[v2,1/6] cpufreq: schedutil: ignore sugov kthreads

Message ID	1499189651-18797-2-git-send-email-patrick.bellasi@arm.com (mailing list archive)
State	Deferred
Headers	show Return-Path: <linux-pm-owner@kernel.org> From: Patrick Bellasi <patrick.bellasi@arm.com> To: linux-kernel@vger.kernel.org, linux-pm@vger.kernel.org Cc: Ingo Molnar <mingo@redhat.com>, Peter Zijlstra <peterz@infradead.org>, "Rafael J . Wysocki" <rafael.j.wysocki@intel.com>, Viresh Kumar <viresh.kumar@linaro.org>, Vincent Guittot <vincent.guittot@linaro.org>, Juri Lelli <juri.lelli@arm.com>, Joel Fernandes <joelaf@google.com>, Andres Oportus <andresoportus@google.com>, Todd Kjos <tkjos@android.com>, Morten Rasmussen <morten.rasmussen@arm.com>, Dietmar Eggemann <dietmar.eggemann@arm.com> Subject: [PATCH v2 1/6] cpufreq: schedutil: ignore sugov kthreads Date: Tue, 4 Jul 2017 18:34:06 +0100 Message-Id: <1499189651-18797-2-git-send-email-patrick.bellasi@arm.com> In-Reply-To: <1499189651-18797-1-git-send-email-patrick.bellasi@arm.com> References: <1499189651-18797-1-git-send-email-patrick.bellasi@arm.com> Sender: linux-pm-owner@vger.kernel.org Precedence: bulk

Patrick Bellasi July 4, 2017, 5:34 p.m. UTC

In system where multiple CPUs shares the same frequency domain a small
workload on a CPU can still be subject to frequency spikes, generated by
the activation of the sugov's kthread.

Since the sugov kthread is a special RT task, which goal is just that to
activate a frequency transition, it does not make sense for it to bias
the schedutil's frequency selection policy.

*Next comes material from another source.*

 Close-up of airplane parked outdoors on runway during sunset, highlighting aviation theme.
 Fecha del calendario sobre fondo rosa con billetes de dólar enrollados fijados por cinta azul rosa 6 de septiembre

This patch exploits the information related to the current task to silently
ignore cpufreq_update_this_cpu() calls, coming from the RT scheduler, while
the sugov kthread is running.

Signed-off-by: Patrick Bellasi <patrick.bellasi@arm.com>
Cc: Ingo Molnar <mingo@redhat.com>
Cc: Peter Zijlstra <peterz@infradead.org>
Cc: Rafael J. Wysocki <rafael.j.wysocki@intel.com>
Cc: Viresh Kumar <viresh.kumar@linaro.org>
Cc: linux-kernel@vger.kernel.org
Cc: linux-pm@vger.kernel.org

---
Changes from v1:
- move check before policy spinlock (JuriL)
---
 kernel/sched/cpufreq_schedutil.c | 8 ++++++++
 1 file changed, 8 insertions(+)

Viresh Kumar July 5, 2017, 5 a.m. UTC | #1

On 04-07-17, 18:34, Patrick Bellasi wrote:
> In system where multiple CPUs shares the same frequency domain a small
> workload on a CPU can still be subject to frequency spikes, generated by
> the activation of the sugov's kthread.
> 
> Since the sugov kthread is a special RT task, which goal is just that to
> activate a frequency transition, it does not make sense for it to bias
> the schedutil's frequency selection policy.
> 
> This patch exploits the information related to the current task to silently
> ignore cpufreq_update_this_cpu() calls, coming from the RT scheduler, while
> the sugov kthread is running.
> 
> Signed-off-by: Patrick Bellasi <patrick.bellasi@arm.com>
> Cc: Ingo Molnar <mingo@redhat.com>
> Cc: Peter Zijlstra <peterz@infradead.org>
> Cc: Rafael J. Wysocki <rafael.j.wysocki@intel.com>
> Cc: Viresh Kumar <viresh.kumar@linaro.org>
> Cc: linux-kernel@vger.kernel.org
> Cc: linux-pm@vger.kernel.org
> 
> ---
> Changes from v1:
> - move check before policy spinlock (JuriL)
> ---
>  kernel/sched/cpufreq_schedutil.c | 8 ++++++++
>  1 file changed, 8 insertions(+)
> 
> diff --git a/kernel/sched/cpufreq_schedutil.c b/kernel/sched/cpufreq_schedutil.c
> index c982dd0..eaba6d6 100644
> --- a/kernel/sched/cpufreq_schedutil.c
> +++ b/kernel/sched/cpufreq_schedutil.c
> @@ -218,6 +218,10 @@ static void sugov_update_single(struct update_util_data *hook, u64 time,
>  	unsigned int next_f;
>  	bool busy;
>  
> +	/* Skip updates generated by sugov kthreads */
> +	if (unlikely(current == sg_policy->thread))
> +		return;
> +
>  	sugov_set_iowait_boost(sg_cpu, time, flags);
>  	sg_cpu->last_update = time;
>  
> @@ -290,6 +294,10 @@ static void sugov_update_shared(struct update_util_data *hook, u64 time,
>  	unsigned long util, max;
>  	unsigned int next_f;
>  
> +	/* Skip updates generated by sugov kthreads */
> +	if (unlikely(current == sg_policy->thread))
> +		return;
> +
>  	sugov_get_util(&util, &max);

Yes we discussed this last time as well (I looked again at those discussions and
am still confused a bit), but wanted to clarify one more time.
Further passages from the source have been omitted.